Now I am a fish. The water I swim in is transparent and clear, but—unlike the pond they pulled me out of—it is surrounded by a solid wall in every direction. I swim over here and collide with it. I swim over there and collide again. A transparent jail this time. When food arrives from above I surmise there is no barrier there and jump, proving myself correct. But alas, my misery does not stop renewing itself—there is no water where I have jumped. I fall onto an alien surface and start to shiver, choking and suffocating until I become a lifeless corpse, eyes staring into a void.

It was I who carried the small, golden corpse and dug a hole for it under the giant loquat tree that was so much bigger than both of us. I hear a murmuring above, and there appear the heads of men I know well. “Hey, you up there!” I yell. But the sound stays in my mind. My tongue does not move and my mouth does not open. Their faces have disappeared now, and in their place are handfuls of dirt that keep falling and slapping my face time after time, like dense air.

I will retire to bed now.

At least somebody knows I am alive.

I.

A note on the text: In 2012, the author visited Algiers to participate in the National Theatre Festival. This piece was commissioned by the festival for an anthology on Algeria by writers from around the Arab world. This essay was also published in the author’s latest short story collection, Inevitable Preludes to an Eventual Disintegration (Cairo: Dar al-Ain, 2014), and appears here in translation for the first time.


Glossary

‘Abd al-Qādir al-Jazā’irī (1808 – 1883) led the struggle against the French colonial invasion of Algeria in the mid-19th century. He was exiled to Damascus, where he died.

Zahra Ẓaryf-Biyṭāṭ was a freedom fighter in the National Liberation Front of Algeria. Her best known operation was the 1956 bombing of the Milk Bar café, which was frequented by French colonists. She was imprisoned in 1957 and released in 1962, as part of a presidential amnesty to mark the independence of Algeria. In Arabic, her first name means “flower”.

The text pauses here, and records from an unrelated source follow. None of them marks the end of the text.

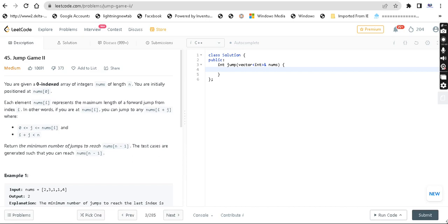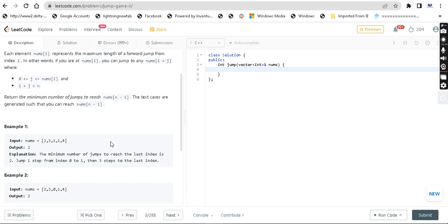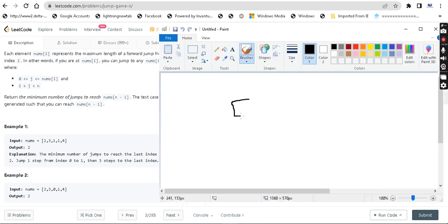Hey guys, welcome back. Today we are going to look at Jump Game 2. You are given a zero-indexed array of integers nums of length n. You are initially positioned at index 0. Each element nums[i] represents the maximum length of a forward jump from index i. Return the minimum number of jumps to reach nums[n-1].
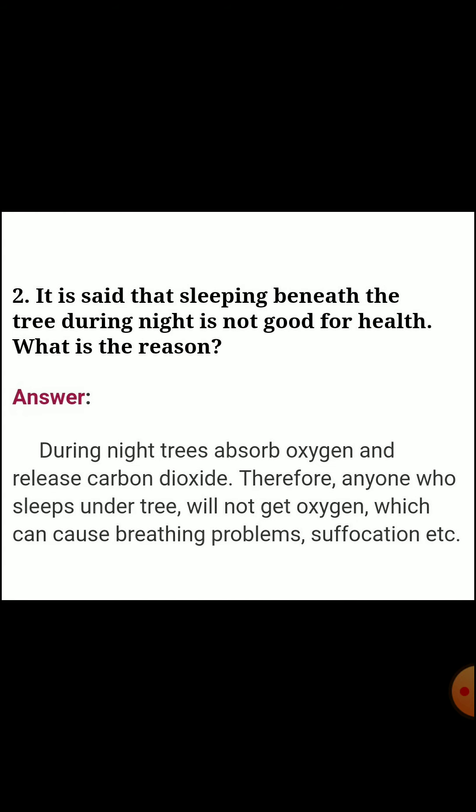Second question: it is said that sleeping beneath a tree during night is not good for health. What is the reason? Answer: during night, trees absorb oxygen and release carbon dioxide. Therefore, anyone who sleeps under a tree will not get sufficient oxygen, which can cause breathing problems and suffocation.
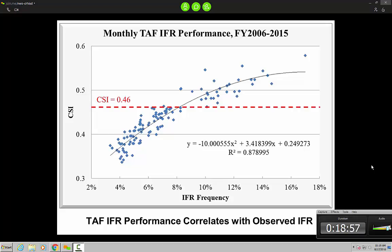I'm going to stop for a second and see if there are any questions about that. So 88% of what we've always looked at — what we traditionally look at in terms of our verification — is just how many at-bats we have. Right, there's that relationship. And so from here on, Matt's going to start to talk about how we might look closer at the remaining 12%.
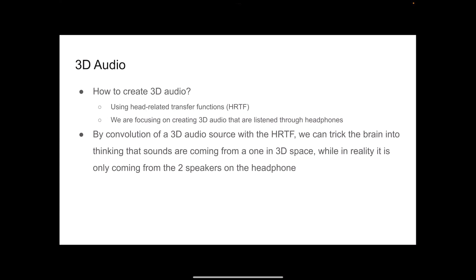So how do we create 3D audio? One of the ways that we can do that is by using head-related transfer functions. These are pre-recorded. We can understand how the human ear will perceive sound if we play it from a certain direction. For this project, we focused on creating 3D audio that are listened through headphones.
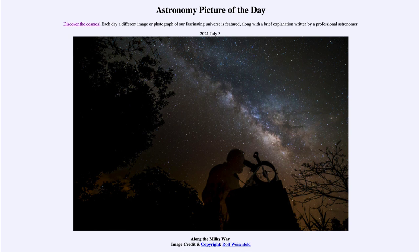Today's picture for July the 3rd of 2021 is titled 'Along the Milky Way.' In the foreground we see an astronomer looking outward through a telescope, staring up towards our Milky Way.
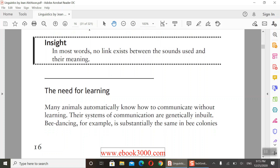The third feature is the need for learning. Do animals need to learn their communication systems? Many animals automatically know how to communicate without learning. Their systems of communication are genetically transmitted — inbuilt by gene. For example, bee dancing: when bees are born, they immediately know how to dance to communicate when they build colonies.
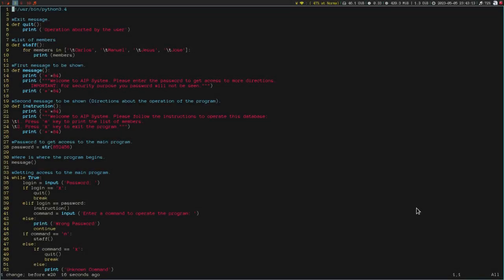Hello everyone. Today I want to show you how you can change text in Vim. So let's begin by changing a word. I'm going to put the cursor right here at the beginning of the word 'message', and I'm going to type CW to delete the word. And not only that — once the word is deleted, it will activate insert mode. So, once in insert mode, you can type anything you like.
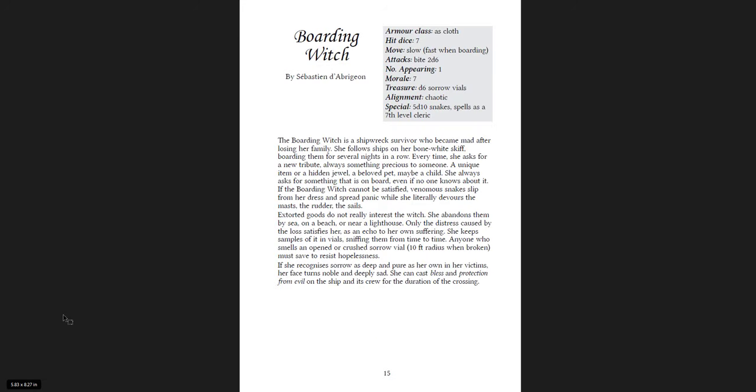Boarding Witch. The Boarding Witch is a shipwreck survivor who became mad after losing her family. She follows ships on her bone-white skiff, boarding them for several nights in a row. Every time she asks for a new tribute, always something precious to someone. A unique item, a hidden jewel, a beloved pet, maybe a child. She always asks for something that is on board even if no one knows about it. The Boarding Witch cannot be satisfied. Venomous snakes slip from her dress and spread panic while she literally devours the masts, the rudder, and the sails.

Diydowsh Murād (1927 – 1955) was a member of the Group of Twenty Two, a group that played a decisive role in fomenting the Algerian Revolution which resulted in the country’s independence from colonial rule. He was one of five members of the first revolutionary committee created by the group and was known as “Le Petit” because of his short stature. He was martyred in the Battle of Duwwār Al-Ṣawādeq.

Muhammad Al’araby Ben Mahidy (1923 – 1957) was a key figure in the armed struggle of the Algerian Revolution that led to the country’s independence. He was tortured to death by the French, and is the author of a famous epigram from the Algerian Revolution: “Throw the revolution into the street, and the people will embrace it.”

Sidi Faraj is the area from where the French launched their colonial invasion of Algeria. It is named after a local saint who was buried there.

‘Ezz Aldiyn Mujuwby (1947 – 1995) was an actor and stage director, as well as the Director of Algeria’s National Theatre. He was assassinated by Islamic terrorists near the theatre’s back door.